Yesterday I found myself reading GMO’s latest quarterly letter and thinking, ‘wow, I’m fairly bearish but Jeremy Grantham just sounds like a grumpy old man!’ Until I came upon this passage:
…you may think that I am particularly pessimistic. It is not true: It is all of you who are optimistic! Not only does our species have a strong predisposition to be optimistic (or bullish) – it is probably a useful survival characteristic – but we are particularly good at listening to agreeable data and avoiding unpleasant data that does not jibe with our beliefs or philosophies. Facts, whether backed by 97% of scientists as is the case with man-made climate change, or 99.9% as is the case with evolution, do not count for nearly as much as we used to believe. For that matter, we do a terrible job of planning for the long term, particularly in postponing gratification, and we are wickedly bad at dealing with the implications of compound math. All of this makes it easy for us to forget about the previously painful market busts; facilitates our pushing stocks and markets on occasion to levels that make no mathematical sense; and allows us, regrettably, to ignore the logic of finite resources and a deteriorating climate until the consequences are pushed up our short-term noses.
It immediately made me think of one of my favorite songs from The Who:
The shares crash, hopes are dashed.
Forget they’re hiding,
Behind an Eminence Front,
Eminence Front – it’s a put on.
We are only a few years removed from one of the worst financial crashes in our history and investors have already put it out of their minds. Most importantly they have forgotten perhaps the greatest lesson of that time: overpay for a security and you are essentially taking much greater risk with the prospect of much reduced reward.
GMO's updated 7-year forecasts: pic.twitter.com/Mbmzmoj0sO
— Jesse Felder (@jessefelder) July 16, 2015
Right now, stocks as a whole present very little in the way of potential reward. According to Grantham’s firm, investors should probably expect to lose money over the coming seven years in real terms (after inflation). Other measures (explained below), very highly correlated to future 10-year returns for stocks, suggest investors are likely to earn very little or no compensation at all over the coming decade for the risk they are assuming in owning stocks.
In trying to quantify that risk, Grantham’s firm suggests that investors are now risking about a 40% drawdown in order to earn less than the risk-free rate of return. I have also demonstrated recently that margin debt in relation to GDP has been highly correlated to future 3-year returns in stocks for some time now. The message we can glean from record high margin debt levels is that a 60% decline over the next three years is a real possibility. Know that I’m not predicting this outcome; I’m just sharing what the statistics say is a likely outcome based on this one measure.

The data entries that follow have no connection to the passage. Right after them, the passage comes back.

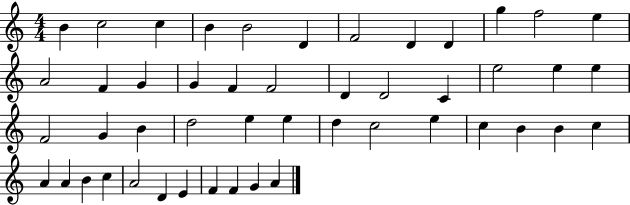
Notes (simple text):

B4/q C5/h C5/q B4/q B4/h D4/q F4/h D4/q D4/q G5/q F5/h E5/q A4/h F4/q G4/q G4/q F4/q F4/h D4/q D4/h C4/q E5/h E5/q E5/q F4/h G4/q B4/q D5/h E5/q E5/q D5/q C5/h E5/q C5/q B4/q B4/q C5/q A4/q A4/q B4/q C5/q A4/h D4/q E4/q F4/q F4/q G4/q A4/q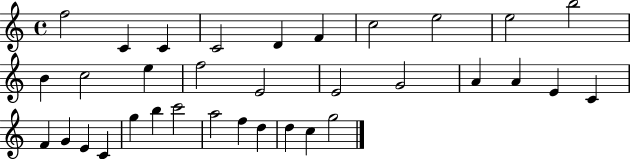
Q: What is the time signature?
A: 4/4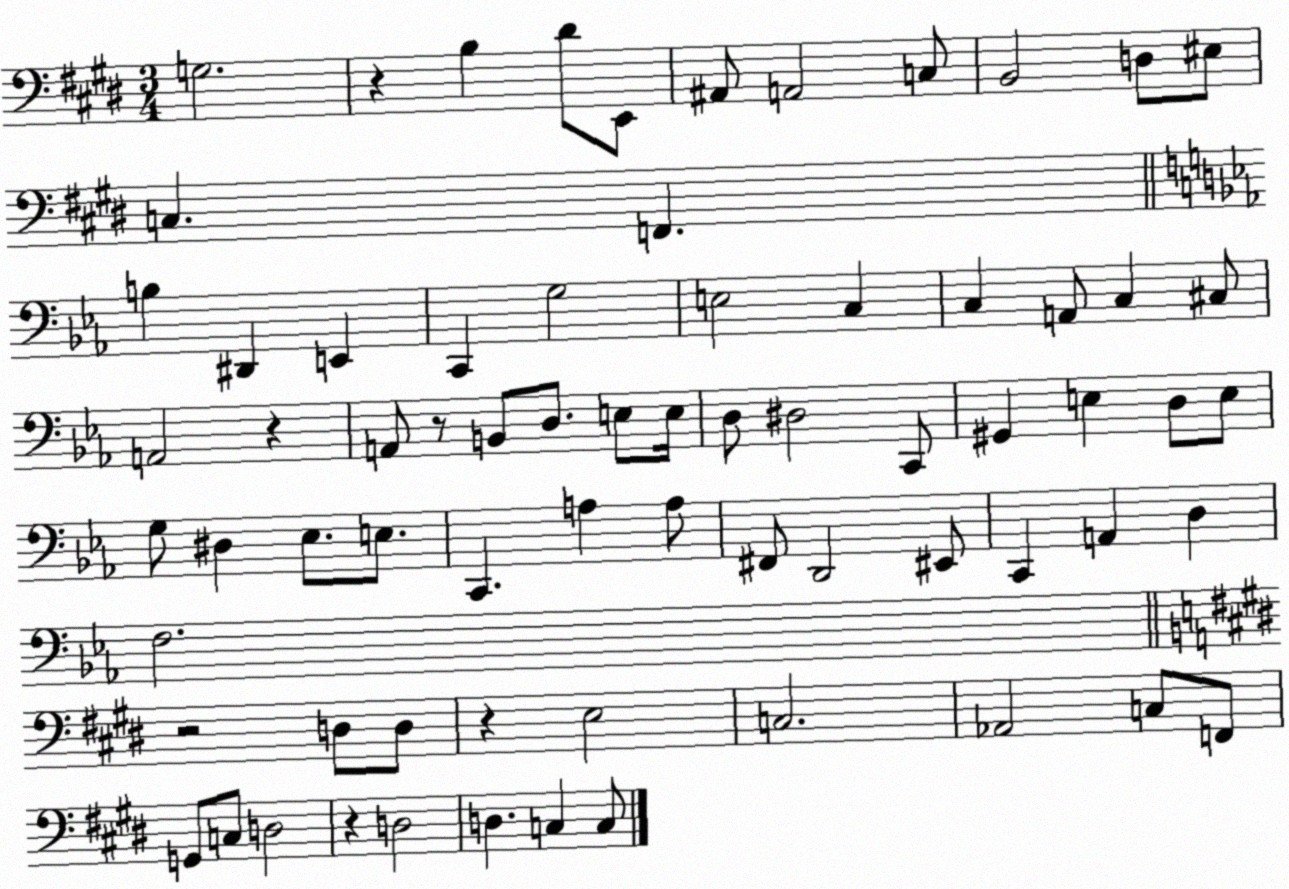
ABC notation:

X:1
T:Untitled
M:3/4
L:1/4
K:E
G,2 z B, ^D/2 E,,/2 ^A,,/2 A,,2 C,/2 B,,2 D,/2 ^E,/2 C, F,, B, ^D,, E,, C,, G,2 E,2 C, C, A,,/2 C, ^C,/2 A,,2 z A,,/2 z/2 B,,/2 D,/2 E,/2 E,/4 D,/2 ^D,2 C,,/2 ^G,, E, D,/2 E,/2 G,/2 ^D, _E,/2 E,/2 C,, A, A,/2 ^F,,/2 D,,2 ^E,,/2 C,, A,, D, F,2 z2 D,/2 D,/2 z E,2 C,2 _A,,2 C,/2 F,,/2 G,,/2 C,/2 D,2 z D,2 D, C, C,/2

This horrible risk/reward equation is simply a function of extremely high valuations. As Warren Buffett likes to say, “the price you pay determines your rate of return.” Pay a high price and get a low return and vice versa. Additionally, if you can manage to buy something cheap enough to build in a “margin of safety,” your downside is limited. However, when you pay a high price you leave yourself open to a large potential downside.
Speaking of Buffett, his valuation yardstick (Market Cap-to-GNP) shows stocks are currently valued just as high as they were back in November 1999, just a few months shy of the very top of the dotcom bubble. Investors should look at this chart and remember what the risk/reward equation back then meant for the coming decade. For those that don’t remember, it meant a couple of massive drawdowns on your way to earning very close to no return at all. (Specifically, this measure now forecasts a -1% return per year over the coming decade.)
Instead, investors today choose to hide behind an “eminence front.” They ignore these facts simply because they are unpleasant to think about. Despite the horrible risk/reward prospects of owning equities today, they have now put nearly as much money to work in the market as they did back in 1999. (This measure is even more highly correlated to future 10-year returns. It now forecasts about a 2.5% return per year over the coming decade.)
It’s truly an astounding phenomenon that investors, after experiencing the very painful consequences of buying high – not just once but twice over the past 15 years, can once again be so enamored with paying such high prices yet again. Amazingly, they are as eager as ever to take on incredible risk with very little possibility of reward. It proves that “rational expectations” are merely the imaginings of academics and have no place in real world money management. It also validates Grantham’s view that it’s not him who is pessimistic; it’s investors who are too optimistic.